Nous avons tous peur d'être rejetés, et rien là-dedans n'est honteux : nous sommes programmés pour appartenir à un collectif. Pendant des dizaines de milliers d'années, être écarté du groupe ne signifiait pas une vexation, cela signifiait la fin. Le cerveau a gardé ce réflexe. Alors, quand vous répondez à un appel d'offres, quand vous postulez à une offre d'emploi, vous ne demandez pas seulement un contrat ou un poste... vous demandez à appartenir. Lorsque le refus arrive, comme c'est le cas le plus souvent, il fait suffisamment mal pour vous réveiller à trois heures du matin.

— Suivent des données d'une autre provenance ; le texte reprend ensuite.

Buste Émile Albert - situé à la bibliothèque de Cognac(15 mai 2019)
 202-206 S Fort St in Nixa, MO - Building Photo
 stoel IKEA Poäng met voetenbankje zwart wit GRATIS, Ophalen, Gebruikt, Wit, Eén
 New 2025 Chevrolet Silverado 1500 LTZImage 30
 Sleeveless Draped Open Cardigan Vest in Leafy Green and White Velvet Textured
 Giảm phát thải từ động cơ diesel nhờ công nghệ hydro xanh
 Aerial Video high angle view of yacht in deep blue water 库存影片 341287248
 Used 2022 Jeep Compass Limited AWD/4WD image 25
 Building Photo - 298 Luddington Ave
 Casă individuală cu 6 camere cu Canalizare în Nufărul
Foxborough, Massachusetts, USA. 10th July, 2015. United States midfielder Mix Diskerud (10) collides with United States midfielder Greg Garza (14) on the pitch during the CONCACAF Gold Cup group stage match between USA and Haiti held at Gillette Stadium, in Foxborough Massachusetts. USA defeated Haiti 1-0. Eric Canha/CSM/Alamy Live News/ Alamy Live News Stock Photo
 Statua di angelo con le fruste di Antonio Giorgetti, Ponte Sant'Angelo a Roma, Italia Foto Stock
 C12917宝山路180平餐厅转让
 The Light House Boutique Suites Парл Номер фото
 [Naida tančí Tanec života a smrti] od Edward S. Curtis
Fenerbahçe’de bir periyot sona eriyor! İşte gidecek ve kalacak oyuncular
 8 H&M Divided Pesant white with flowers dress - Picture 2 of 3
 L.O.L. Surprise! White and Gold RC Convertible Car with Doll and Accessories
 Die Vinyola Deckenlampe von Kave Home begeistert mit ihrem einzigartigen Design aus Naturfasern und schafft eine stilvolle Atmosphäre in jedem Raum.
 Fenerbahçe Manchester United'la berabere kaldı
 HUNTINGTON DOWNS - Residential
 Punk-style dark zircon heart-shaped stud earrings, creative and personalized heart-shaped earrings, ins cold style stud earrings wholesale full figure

Vous cherchez alors à comprendre. Comprendre pour mieux digérer, pour encaisser. L'intention est saine, mais cela ne vous mènera nulle part. Une lettre de refus n'est pas un compte rendu, c'est un geste diplomatique : celui qui l'écrit n'a ni le temps, ni le mandat, ni souvent la vraie raison de ce refus. « Un profil davantage en adéquation avec nos enjeux »... « une approche plus proche de notre culture »... Traduisez : Non. Vous n'avez pas été choisi parce que vous n'avez pas été choisi.
J'ai appris cela en casting bien avant de l'apprendre en entreprise. Un comédien n'obtient jamais d'explication, et quand il en obtient une, elle est souvent absurde : trop grand à côté du premier rôle féminin, une couleur de cheveux, une vague ressemblance avec le fils cadet du producteur. Le rôle vous échappe, votre travail reste intact.
Le piège est là : un refus sans explication laisse un vide, et vous le remplissez avec ce que vous avez de pire sous la main. Cherchez vos retours ailleurs, chez ceux qui ont un intérêt réel à votre progression. Jamais chez celui qui vient de vous éconduire.
Un refus n'est pas une évaluation. C'est une orientation.